■ Your task ■
Set out exactly every line of the entries below, starting at the line that holds "Sticker Rond Little" and stopping after the line that holds "Holiday Nuts gift".
(Beginning of Information supplied)
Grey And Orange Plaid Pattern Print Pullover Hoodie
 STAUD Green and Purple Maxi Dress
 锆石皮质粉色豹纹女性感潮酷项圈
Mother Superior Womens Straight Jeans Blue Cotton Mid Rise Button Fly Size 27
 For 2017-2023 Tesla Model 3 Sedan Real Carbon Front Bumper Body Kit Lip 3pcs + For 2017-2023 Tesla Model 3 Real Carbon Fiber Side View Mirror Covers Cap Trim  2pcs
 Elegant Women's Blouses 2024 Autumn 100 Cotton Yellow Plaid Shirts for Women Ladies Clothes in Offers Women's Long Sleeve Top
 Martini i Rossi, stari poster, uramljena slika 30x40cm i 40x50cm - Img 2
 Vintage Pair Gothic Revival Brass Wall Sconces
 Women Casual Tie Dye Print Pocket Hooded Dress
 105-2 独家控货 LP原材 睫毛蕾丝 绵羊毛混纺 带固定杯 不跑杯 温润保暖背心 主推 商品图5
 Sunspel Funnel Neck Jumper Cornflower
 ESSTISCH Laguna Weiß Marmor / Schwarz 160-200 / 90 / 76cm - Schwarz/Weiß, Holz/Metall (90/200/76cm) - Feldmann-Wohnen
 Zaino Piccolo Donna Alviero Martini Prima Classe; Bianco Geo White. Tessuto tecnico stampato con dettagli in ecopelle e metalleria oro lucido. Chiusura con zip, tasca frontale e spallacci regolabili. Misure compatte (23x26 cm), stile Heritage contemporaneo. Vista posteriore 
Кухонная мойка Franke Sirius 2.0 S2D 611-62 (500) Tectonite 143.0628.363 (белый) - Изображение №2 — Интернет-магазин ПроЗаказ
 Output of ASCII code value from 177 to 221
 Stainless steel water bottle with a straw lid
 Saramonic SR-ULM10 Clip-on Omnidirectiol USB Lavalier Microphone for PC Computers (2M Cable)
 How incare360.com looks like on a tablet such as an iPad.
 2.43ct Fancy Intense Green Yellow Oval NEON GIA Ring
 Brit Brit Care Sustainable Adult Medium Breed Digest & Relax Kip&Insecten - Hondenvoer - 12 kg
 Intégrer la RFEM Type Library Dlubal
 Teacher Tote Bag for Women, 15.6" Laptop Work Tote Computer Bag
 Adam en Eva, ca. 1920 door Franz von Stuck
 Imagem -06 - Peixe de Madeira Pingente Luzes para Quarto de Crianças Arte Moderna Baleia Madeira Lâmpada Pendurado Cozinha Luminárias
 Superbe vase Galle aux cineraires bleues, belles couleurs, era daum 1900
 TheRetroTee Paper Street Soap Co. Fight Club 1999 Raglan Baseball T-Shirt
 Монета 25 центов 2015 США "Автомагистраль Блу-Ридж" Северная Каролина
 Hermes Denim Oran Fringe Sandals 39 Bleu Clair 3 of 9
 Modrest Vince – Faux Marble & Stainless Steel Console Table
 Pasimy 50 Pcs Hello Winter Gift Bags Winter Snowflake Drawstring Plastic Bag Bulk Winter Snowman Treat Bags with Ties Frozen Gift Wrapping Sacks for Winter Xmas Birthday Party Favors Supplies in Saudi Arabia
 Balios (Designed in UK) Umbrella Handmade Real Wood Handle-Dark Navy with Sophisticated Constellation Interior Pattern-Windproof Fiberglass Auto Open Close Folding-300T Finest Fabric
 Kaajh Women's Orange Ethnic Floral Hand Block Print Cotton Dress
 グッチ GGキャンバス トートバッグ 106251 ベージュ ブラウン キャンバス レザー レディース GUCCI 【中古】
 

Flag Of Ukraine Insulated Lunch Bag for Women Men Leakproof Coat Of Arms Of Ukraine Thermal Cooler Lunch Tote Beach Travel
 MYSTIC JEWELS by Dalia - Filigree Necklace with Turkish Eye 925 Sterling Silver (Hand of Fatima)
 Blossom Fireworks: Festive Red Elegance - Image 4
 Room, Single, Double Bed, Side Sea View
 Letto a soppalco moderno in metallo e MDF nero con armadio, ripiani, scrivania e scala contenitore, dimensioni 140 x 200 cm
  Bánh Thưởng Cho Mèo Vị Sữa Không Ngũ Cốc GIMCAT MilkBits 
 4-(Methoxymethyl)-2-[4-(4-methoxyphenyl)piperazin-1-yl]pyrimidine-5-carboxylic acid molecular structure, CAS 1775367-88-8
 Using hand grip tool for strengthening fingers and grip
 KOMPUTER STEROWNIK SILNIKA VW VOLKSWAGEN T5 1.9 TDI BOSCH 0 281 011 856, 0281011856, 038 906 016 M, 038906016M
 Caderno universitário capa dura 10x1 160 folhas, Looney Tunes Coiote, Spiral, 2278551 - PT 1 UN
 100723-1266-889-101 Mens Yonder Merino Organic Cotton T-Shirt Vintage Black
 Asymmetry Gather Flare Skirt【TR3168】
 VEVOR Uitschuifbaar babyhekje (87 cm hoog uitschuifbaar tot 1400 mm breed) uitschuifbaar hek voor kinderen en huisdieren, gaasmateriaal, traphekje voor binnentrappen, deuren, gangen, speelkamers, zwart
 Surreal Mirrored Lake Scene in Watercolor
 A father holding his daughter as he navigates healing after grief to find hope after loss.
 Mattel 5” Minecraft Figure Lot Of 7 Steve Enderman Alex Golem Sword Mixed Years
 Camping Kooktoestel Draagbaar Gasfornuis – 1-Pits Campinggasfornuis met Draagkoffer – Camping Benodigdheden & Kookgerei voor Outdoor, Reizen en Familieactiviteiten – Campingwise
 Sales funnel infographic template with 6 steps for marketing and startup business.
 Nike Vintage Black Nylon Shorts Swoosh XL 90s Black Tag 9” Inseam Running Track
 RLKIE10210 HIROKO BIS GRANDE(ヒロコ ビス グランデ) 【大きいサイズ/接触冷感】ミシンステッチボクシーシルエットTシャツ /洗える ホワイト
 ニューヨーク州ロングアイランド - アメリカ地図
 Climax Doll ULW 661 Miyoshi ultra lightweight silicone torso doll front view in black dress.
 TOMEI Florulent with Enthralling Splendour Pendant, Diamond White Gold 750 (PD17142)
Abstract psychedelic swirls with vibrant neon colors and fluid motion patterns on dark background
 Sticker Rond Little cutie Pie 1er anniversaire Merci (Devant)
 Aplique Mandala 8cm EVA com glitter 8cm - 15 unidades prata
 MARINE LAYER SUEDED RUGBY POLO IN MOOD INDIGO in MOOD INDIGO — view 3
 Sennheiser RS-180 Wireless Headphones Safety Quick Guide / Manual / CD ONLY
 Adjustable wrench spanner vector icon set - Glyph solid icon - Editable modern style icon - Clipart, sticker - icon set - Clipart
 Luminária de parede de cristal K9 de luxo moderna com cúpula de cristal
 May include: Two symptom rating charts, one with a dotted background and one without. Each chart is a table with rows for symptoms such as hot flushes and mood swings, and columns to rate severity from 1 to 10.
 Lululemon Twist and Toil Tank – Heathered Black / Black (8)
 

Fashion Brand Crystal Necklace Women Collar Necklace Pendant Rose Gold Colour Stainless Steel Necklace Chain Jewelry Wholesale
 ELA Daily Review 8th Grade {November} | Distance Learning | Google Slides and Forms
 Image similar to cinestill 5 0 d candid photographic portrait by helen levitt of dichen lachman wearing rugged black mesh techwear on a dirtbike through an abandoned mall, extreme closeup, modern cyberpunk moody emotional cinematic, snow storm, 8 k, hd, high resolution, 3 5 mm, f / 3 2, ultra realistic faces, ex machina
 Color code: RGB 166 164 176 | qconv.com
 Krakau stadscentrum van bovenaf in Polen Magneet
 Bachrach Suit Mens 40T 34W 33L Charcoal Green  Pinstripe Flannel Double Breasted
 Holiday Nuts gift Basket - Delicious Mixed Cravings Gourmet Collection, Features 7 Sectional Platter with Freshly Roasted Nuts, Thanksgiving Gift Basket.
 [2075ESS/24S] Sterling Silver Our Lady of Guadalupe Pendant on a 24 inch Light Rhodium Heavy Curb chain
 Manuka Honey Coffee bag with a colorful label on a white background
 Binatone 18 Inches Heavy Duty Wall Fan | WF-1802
(End of Information supplied)
■ Result of this task ■
 Sticker Rond Little cutie Pie 1er anniversaire Merci (Devant)
 Aplique Mandala 8cm EVA com glitter 8cm - 15 unidades prata
 MARINE LAYER SUEDED RUGBY POLO IN MOOD INDIGO in MOOD INDIGO — view 3
 Sennheiser RS-180 Wireless Headphones Safety Quick Guide / Manual / CD ONLY
 Adjustable wrench spanner vector icon set - Glyph solid icon - Editable modern style icon - Clipart, sticker - icon set - Clipart
 Luminária de parede de cristal K9 de luxo moderna com cúpula de cristal
 May include: Two symptom rating charts, one with a dotted background and one without. Each chart is a table with rows for symptoms such as hot flushes and mood swings, and columns to rate severity from 1 to 10.
 Lululemon Twist and Toil Tank – Heathered Black / Black (8)
 

Fashion Brand Crystal Necklace Women Collar Necklace Pendant Rose Gold Colour Stainless Steel Necklace Chain Jewelry Wholesale
 ELA Daily Review 8th Grade {November} | Distance Learning | Google Slides and Forms
 Image similar to cinestill 5 0 d candid photographic portrait by helen levitt of dichen lachman wearing rugged black mesh techwear on a dirtbike through an abandoned mall, extreme closeup, modern cyberpunk moody emotional cinematic, snow storm, 8 k, hd, high resolution, 3 5 mm, f / 3 2, ultra realistic faces, ex machina
 Color code: RGB 166 164 176 | qconv.com
 Krakau stadscentrum van bovenaf in Polen Magneet
 Bachrach Suit Mens 40T 34W 33L Charcoal Green  Pinstripe Flannel Double Breasted
 Holiday Nuts gift Basket - Delicious Mixed Cravings Gourmet Collection, Features 7 Sectional Platter with Freshly Roasted Nuts, Thanksgiving Gift Basket.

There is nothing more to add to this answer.